I underscore once again the importance of infrastructure tagging.  It is de minimus (the bare minimum required), and an OSM bike route that doesn't have bicycle infrastructure tags on its members is "posing," and must be fixed so it does.  Even then, the route SHOULD be signed, but might not be, in the USA we are a bit lax about this.  But not the converse:  if it is a signed bike route (whether national, regional/state or local), OSM has every reason to map it as a route=bicycle (or even a route=mtb, we have signed mountain bike routes pretty close to me, I've hiked them).

> Rail mappers take a middle ground by distinguishing between route=railway for the railway infrastructure versus route=train for the services that use it. For example, in the San Francisco area, Caltrain's route relations [4] overlap with a route relation for its dedicated trackage. [5] An analogous solution for bikeways would be a route=cycleway relation for a dedicated bikeway that's known by a particular name. It might be a better way to model bike boulevards too.

I know bike routes well, I know rail routes well (having spoken at national OSM conferences on both).  Please recall the method by which we "simplified" rail mapping in the USA:  we looked at (mostly Germany's) propensity of using THREE relations (route=tracks, route=railway, route=train, the latter for passenger services, the middle for what we call "USA's railroad company's 'subdivisions' or named groupings of rail segments).  Because the "bottom level" of route=tracks really made no sense to me or anybody else in the USA (I'm sure it made / makes sense to Germans), it was only after I suggested we conflate the route=tracks and route=railway relations together into a "single sense" route=railway relation ("what our rail companies and we know as subdivisions") that rail mapping really started to take off in the USA (circa 2014-5 or so).  We've never "looked back" at whether "conflating 3 into 2" was a mistake or OK to have totally ignored what Germany was doing, and to this day it doesn't seem to have negatively affected any use cases that I know of, rail renderers, rail routers, or the ability for anybody to not very positively use OSM's rail data in USA.

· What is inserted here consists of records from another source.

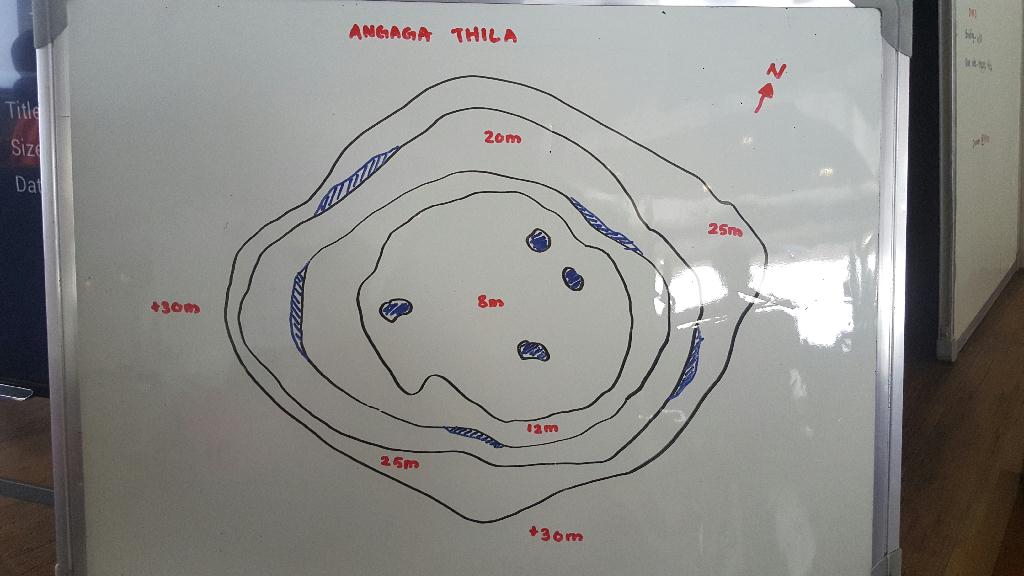 펀다이빙 - Maldives - Angaga thila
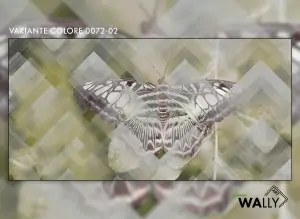 Carta da parati wallpaper Moth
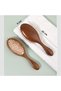 Natural Wooden Toothed Sandalwood Oval Hair Lightening Brush Air Cushion Medium Size Hair Brush Af-109 - 2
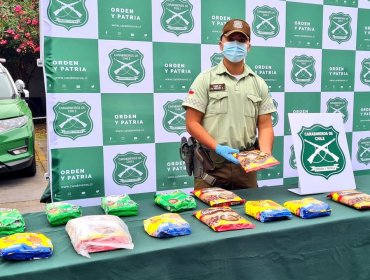 Detienen a mujer que fue sorprendida con droga oculta en paquetes de complementos alimenticios en Colchane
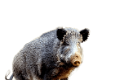 vaddiszno_9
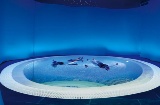 Курорт Balneario de Puente Viesgo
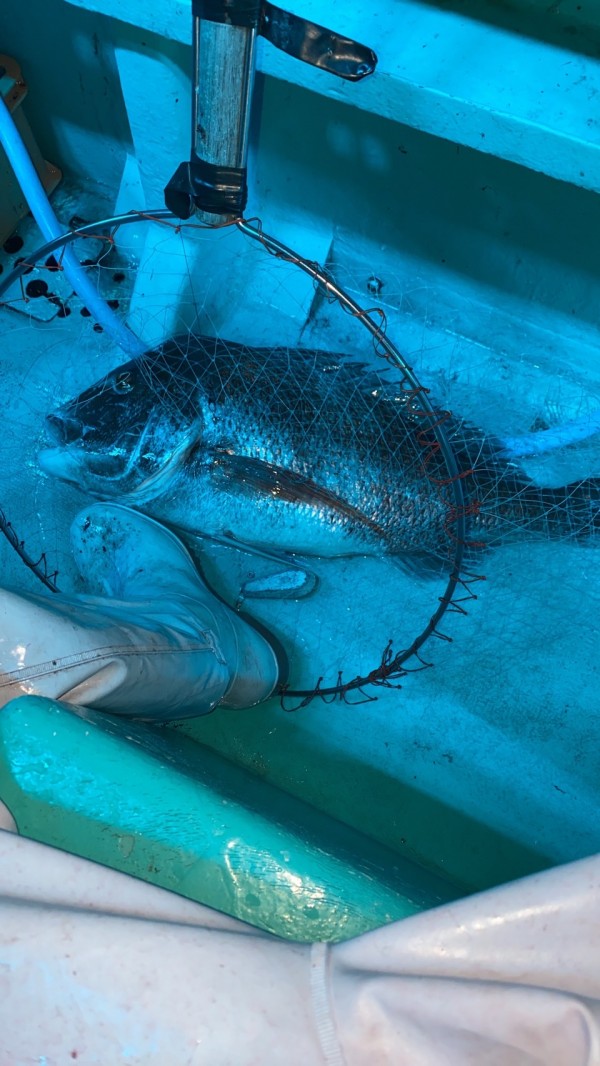 釣果写真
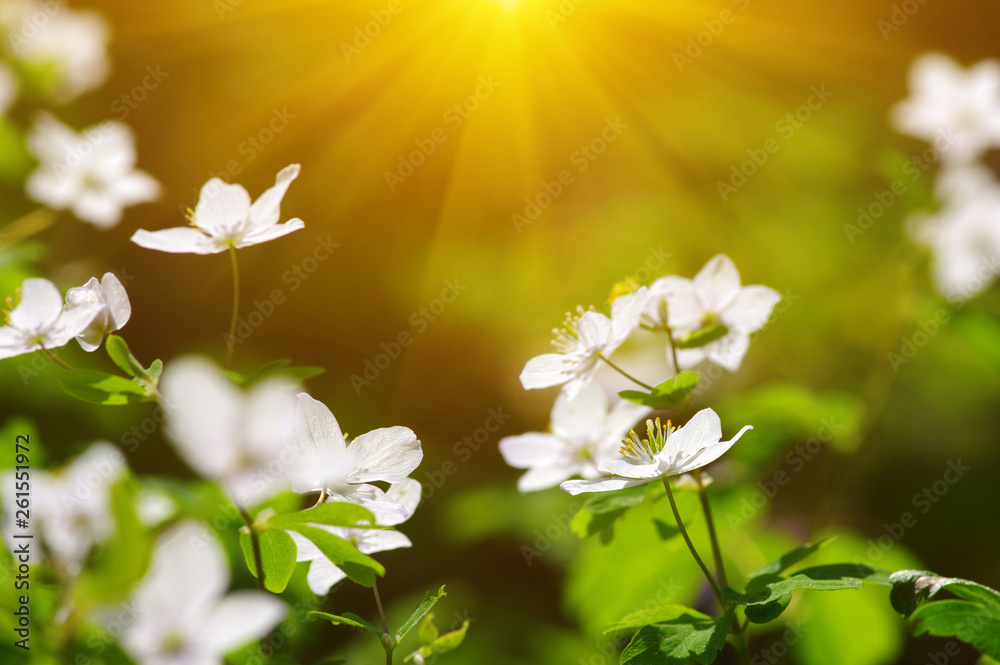 field of spring flowers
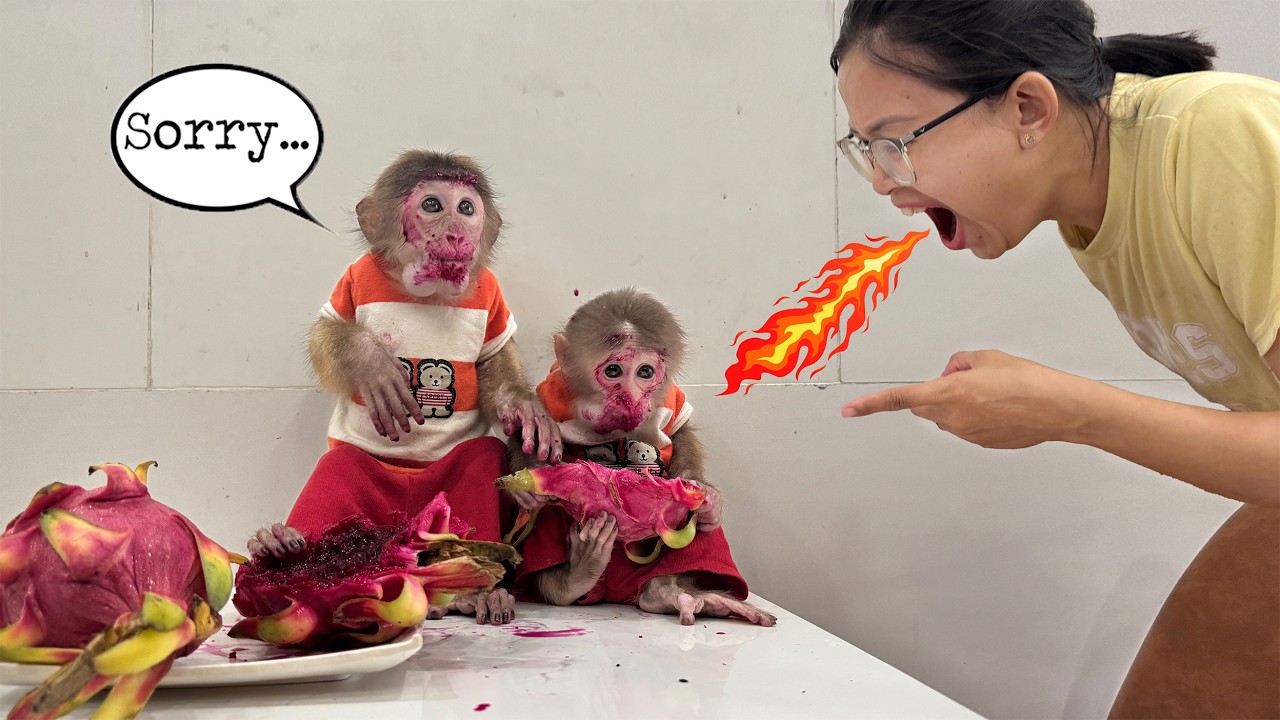 Funny! Lucky and Sunny secretly eat Mom’s fruit and face the bitter consequence!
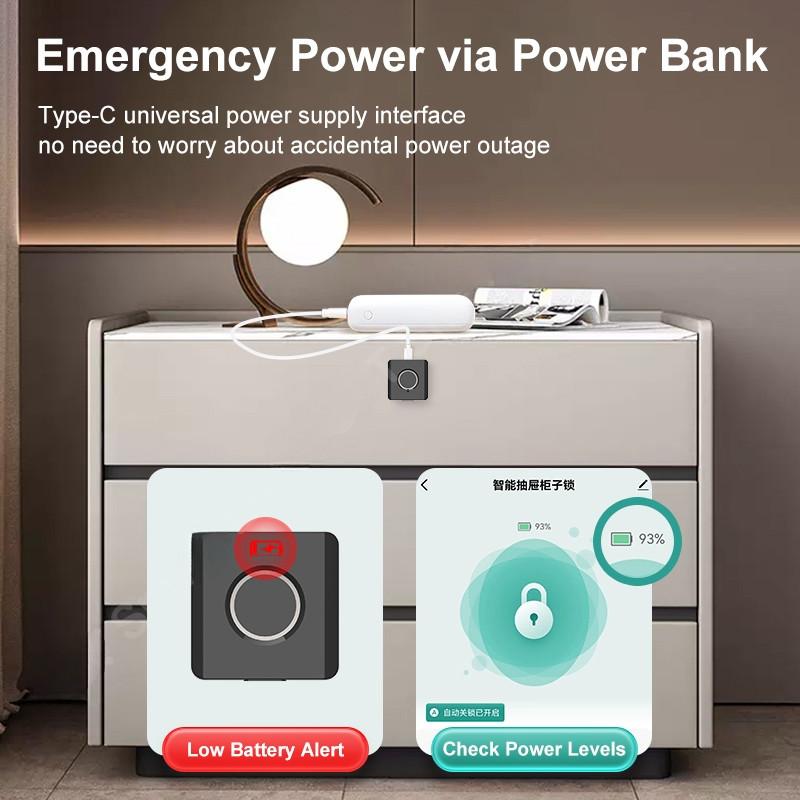 Fingerprint Drawer Cabinet Lock Smart Wardrobe Furniture Fingerprint Locks APP Intelligent Management Mailbox Locks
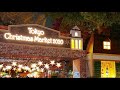 Japanese Christmas Market & Tokyo Lights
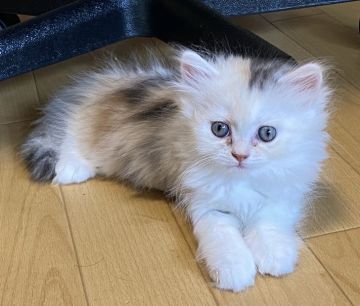 ミヌエット【千葉県・女の子・2021年6月8日・ダイリュートキャリコ】の写真「かけっこと狭いところが大好き💕」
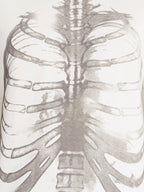 Halloween Boxy Fit Chest X-Ray Graphic Tee Shirt, Men's Sizes XS-4XLT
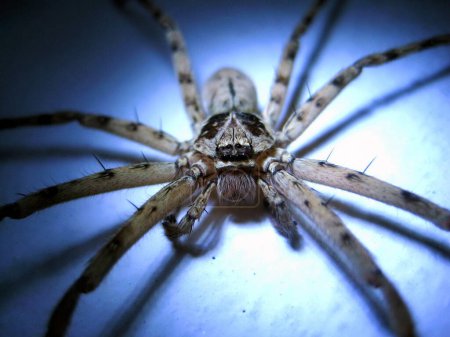 Téléchargez les photos : Gros plan visage d'araignée - en image libre de droit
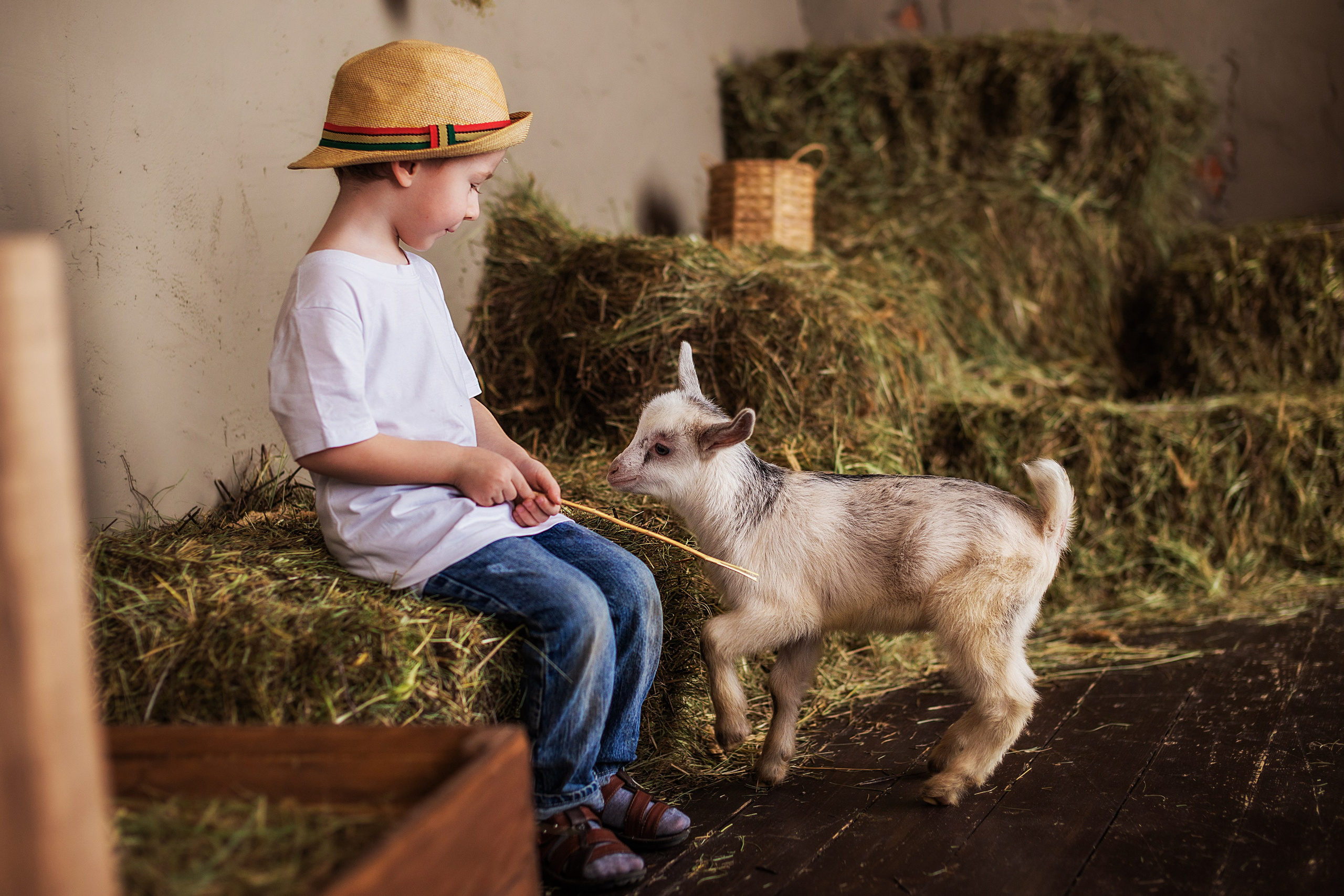 Дети и животные…самый милый альбом. Семейный фотограф в Саратове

Perhaps bicycle routes and networks Germany is similarly (and again) an outlier and so strongly seems to want to insist "the methods by which it signs and maps" must be different from the rest of the world in OSM.  However, what we did in the USA by "conflating 3 in to 2" is going in the opposite direction:  we simplified, and mapping rocketed upwards in popularity.  Germany is creating more diversity (in our tagging, again), hence confusion and even argument (I hope it doesn't feel it's going as far as rancor, let's not do that).  If extra-special tagging really is necessary to describe richness, I keep thinking and hoping and striving for it to be done with methods and tagging that are understandable (relatively simple), fit reasonably into the tagging schemes (which are small, finite and understandable) we already do and which has worked for well over a decade and harmonious (agreeable to most or all, eventually achieving wide consensus).  However, it does seem we remain quite a distance away from that (here).

This is a really, really long thread.  I look forward to resolution.